Is Microsoft supporting Hi-Speed USB 2.0 in Windows XP?

Microsoft fully supports Hi-Speed USB 2.0, and has been working to develop driver support since its inception. Microsoft currently has production Windows XP and W2000 drivers available.

When did Intel release its first chipsets with the integrated Hi-Speed USB 2.0 controller?

Intel released chipsets in May of 2002 which integrate Hi-Speed USB 2.0 in the I/O Controller Hub (ICH4). These are the Intel 845E, 845G and 845GL chipsets.

Will my PC today work with a Hi-Speed USB 2.0 peripheral product?

Assuming you have a PC that has USB 1.1 (which is most likely), if you plug your Hi-Speed USB 2.0 peripheral into the USB 1.1 system, your system will perform at the USB 1.1 speed. You will need to update your PC either by adding in a PCI add-in card or purchasing a new MB with a discrete host controller that supports Hi-Speed USB 2.0 and installing Hi-Speed USB 2.0 drivers. If you have a 2.0 system and plug in 1.1 hubs, then each of the USB 1.1 hubs will get a full 12Mbps bandwidth.

Where can I get more info on Hi-Speed USB 2.0 in general?

The USB-IF has a website, it's www.usb.org and it is fairly easy to navigate through and get information.

What happens if I buy a Hi-Speed USB 2.0 product without the logo (above)?

The product without the logo signifies that the product has not gone through compliance testing and you may not get the performance and/or quality that the USB-IF feels is part of a USB logo program.

If Hi-Speed USB 2.0 is 40X faster, why is it that a CDRW, for example, is only 6X faster?

The 40X speed improvement is specific to the bus.
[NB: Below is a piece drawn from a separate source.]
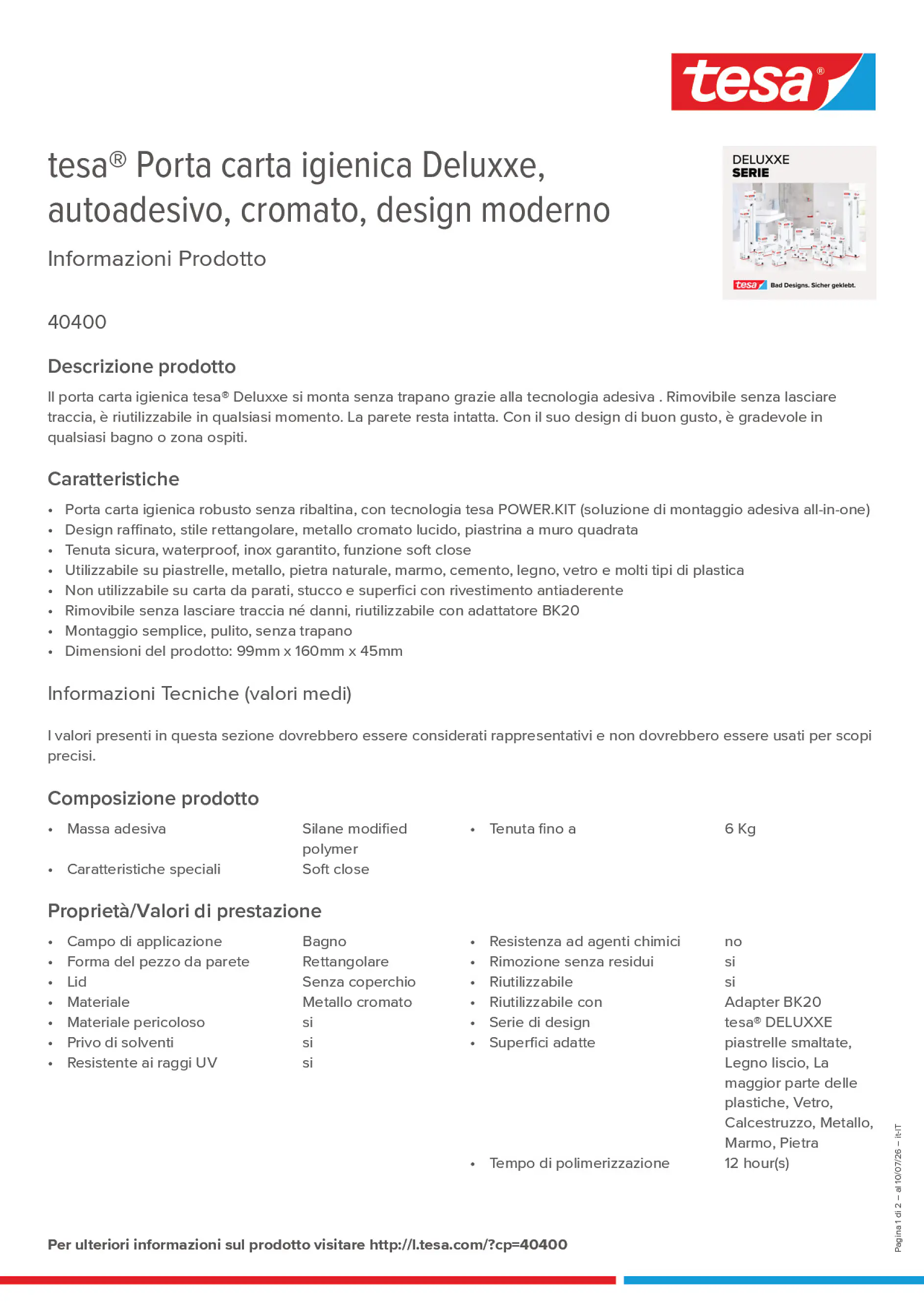Product information_tesa® 40400_it-IT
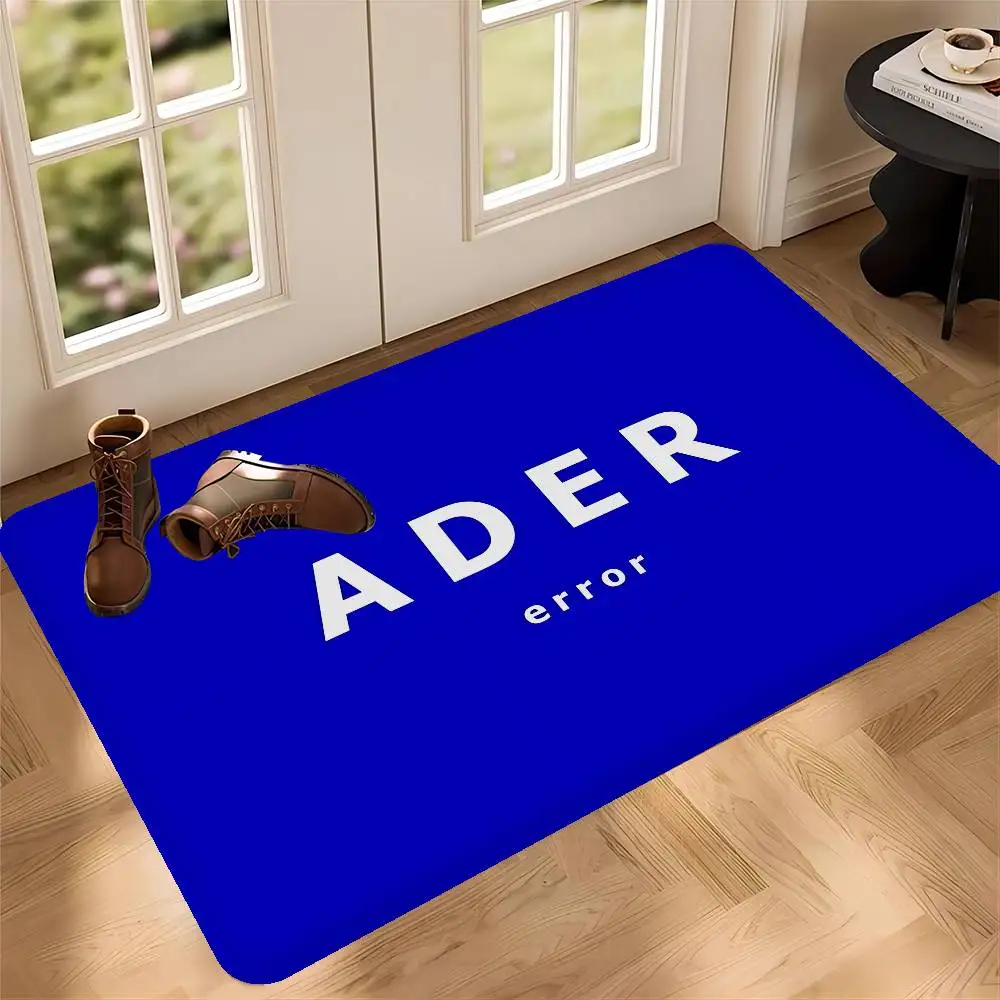 ADER A-ADERS ERROR Door Mat Washable Non-Slip Living Room Sofa Chairs Area Mat Kitchen Doormat Area Rug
What this literally means, is that the bus is no longer the bottleneck in performance. The actual performance improvement for a given product is dependent on how fast that product can run. Over time, you should see product vendors improving their products to take advantage of the 40X bus.

I have a PC that runs Windows 98, can I still use Hi-Speed USB 2.0 products?

Yes, assuming first that you install a Hi-Speed USB 2.0 add-in card and you install a Hi-Speed USB 2.0 driver. Since Microsoft is only developing drivers for Windows XP and 2000 (and possibly ME), you will have to use a 3rd party vendor's drivers. In most cases, if you upgrade your PC with an add-in card, it will come with a Hi-Speed USB 2.0 driver install CD, that covers 98, 98SE, and ME.

How many devices can be connected to one host?

You may connect up to 127 devices to a single host, by specification. I'm not sure that 127 devices in reality is practical.

What do I need to use a USB 2.0 device?

The requirement is similar to that of USB 1.1, but all components will have to be USB 2.0 compliant. A successful USB 2.0 connection requires a USB 2.0 host controller card, a USB 2.0 driver and a USB 2.0 peripheral.

How far away from a host can a peripheral be located?

The maximum cable length is 5 meters. Anything longer starts to cause problems due to propagation delays.